---------- Records for this exercise

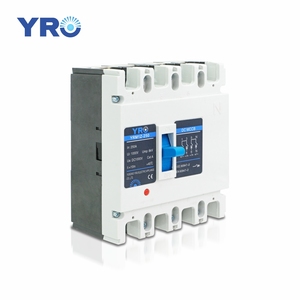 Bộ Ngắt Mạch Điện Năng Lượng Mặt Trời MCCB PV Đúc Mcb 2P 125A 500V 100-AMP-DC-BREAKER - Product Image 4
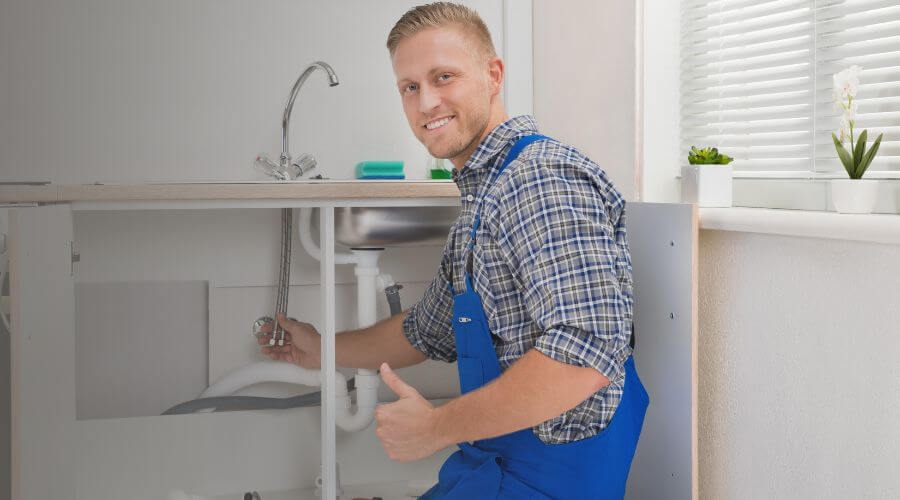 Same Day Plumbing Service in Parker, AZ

--------------------
---------- Records for this exercise

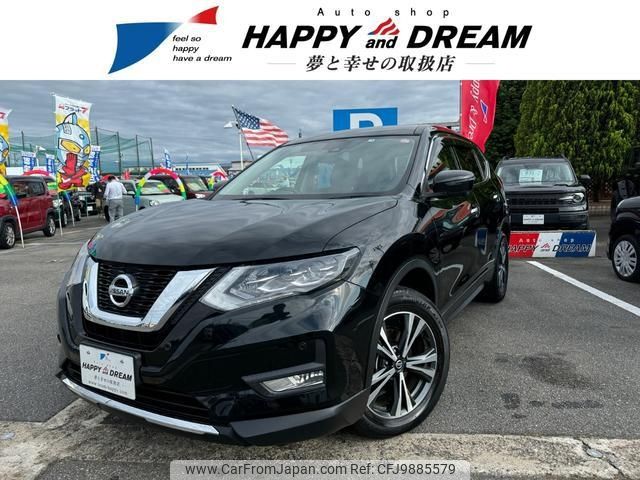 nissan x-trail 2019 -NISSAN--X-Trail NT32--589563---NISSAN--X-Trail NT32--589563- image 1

--------------------
---------- Records for this exercise

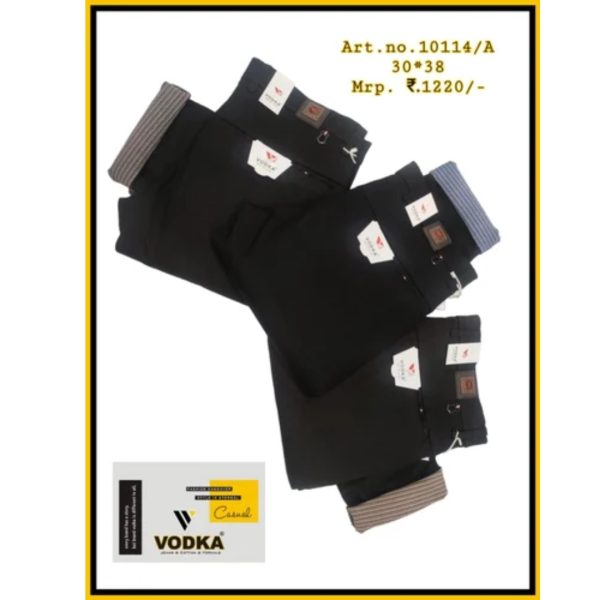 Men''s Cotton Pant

--------------------

> Your goal: Within the listing above, find the line containing "Bộ Ngắt Mạch" and the line containing "Same Day Plumbing Service in Parker, AZ". Transcribe them and everything between them exactly, leaving out the pictures.

> Solution to the problem:
 Bộ Ngắt Mạch Điện Năng Lượng Mặt Trời MCCB PV Đúc Mcb 2P 125A 500V 100-AMP-DC-BREAKER - Product Image 4
 Same Day Plumbing Service in Parker, AZ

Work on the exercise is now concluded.